What are Subject Alternative Names (SANs)?
SANs are the list of hostnames and IP addresses that a certificate is valid for. Modern browsers ignore the Subject CN field and only trust the SAN list. A wildcard SAN like *.example.com covers all immediate subdomains but not sub-subdomains.
What is a certificate fingerprint used for?
A fingerprint is a hash (SHA-1 or SHA-256) of the entire certificate. It lets you verify that a certificate you receive matches a known-good copy without reading every field — commonly used in certificate pinning and manual trust decisions.
Why does my certificate show a different CN than the domain I expected?
Many certificates issued by commercial CAs use the organization name or a generic string in the CN field and list actual domains in the SAN extension.
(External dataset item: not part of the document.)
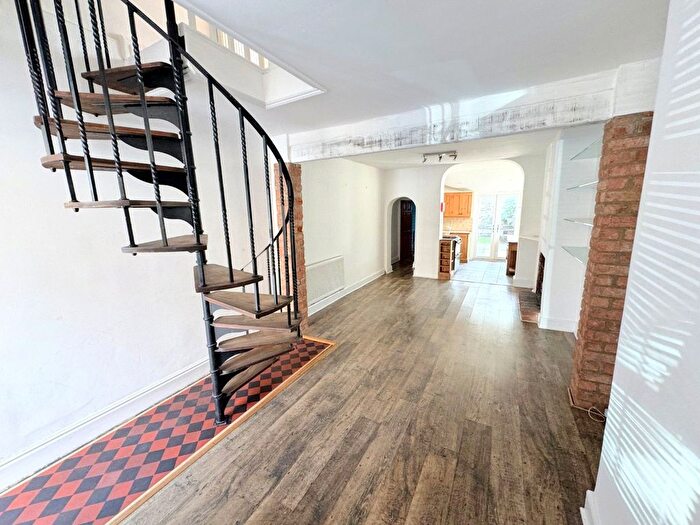 2 Bedroom Terraced House To Rent In Westgate Street, Taunton, Somerset, TA1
Always check the SAN list to see which hostnames the certificate actually covers.
Can I inspect code-signing or client certificates here?
Yes. Any PEM or DER X.509 certificate can be parsed, including client certificates, code-signing certificates, and CA intermediate certificates. The tool displays all standard fields regardless of certificate purpose.

Explore the category

Glossary

PEM
Privacy Enhanced Mail — the base64-encoded form of a DER certificate surrounded by -----BEGIN CERTIFICATE----- / -----END CERTIFICATE----- headers, used in most server config files.
DER
Distinguished Encoding Rules — the binary ASN.1 encoding of an X.509 certificate. PEM is just DER base64-encoded with header lines added.
ASN.1
Abstract Syntax Notation One — the schema language used by X.509 to define certificate structure. ASN.1 is the underlying grammar; DER is one of its binary encodings.
SAN (Subject Alternative Name)
An X.509 extension listing all hostnames and IPs a certificate is valid for. Modern browsers require at least one SAN entry and ignore the Subject CN.
Key Usage
An X.509 extension that restricts what operations a certificate's public key may perform — digital signature, key encipherment, certificate signing, CRL signing, etc.
CA (Certificate Authority)
An entity that issues and signs certificates after verifying the requester's identity. Public CAs (Let's Encrypt, DigiCert, Sectigo) are trusted by browsers; private CAs serve internal use.
Fingerprint
A cryptographic hash (typically SHA-1 or SHA-256) of the entire certificate DER binary, used for identification, pinning, and out-of-band identity verification.
CN (Common Name)
A field in the X.509 Subject that historically identified the domain. Modern TLS relies on the SAN extension instead — CN is now mostly informational.